◆ **YOUR GOAL**:
Each of the records below must be reproduced exactly.

Scraped caption text data:
*****
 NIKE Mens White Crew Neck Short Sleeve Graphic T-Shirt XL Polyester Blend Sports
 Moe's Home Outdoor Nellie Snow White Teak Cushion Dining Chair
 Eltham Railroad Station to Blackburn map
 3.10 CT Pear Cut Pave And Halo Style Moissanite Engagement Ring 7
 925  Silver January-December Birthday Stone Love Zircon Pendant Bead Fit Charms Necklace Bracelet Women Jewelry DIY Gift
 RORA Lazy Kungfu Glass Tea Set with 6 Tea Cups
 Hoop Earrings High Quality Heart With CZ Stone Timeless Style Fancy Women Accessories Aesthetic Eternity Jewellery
*****
◆ **SOLUTION FOR THIS TASK**:
 NIKE Mens White Crew Neck Short Sleeve Graphic T-Shirt XL Polyester Blend Sports
 Moe's Home Outdoor Nellie Snow White Teak Cushion Dining Chair
 Eltham Railroad Station to Blackburn map
 3.10 CT Pear Cut Pave And Halo Style Moissanite Engagement Ring 7
 925  Silver January-December Birthday Stone Love Zircon Pendant Bead Fit Charms Necklace Bracelet Women Jewelry DIY Gift
 RORA Lazy Kungfu Glass Tea Set with 6 Tea Cups
 Hoop Earrings High Quality Heart With CZ Stone Timeless Style Fancy Women Accessories Aesthetic Eternity Jewellery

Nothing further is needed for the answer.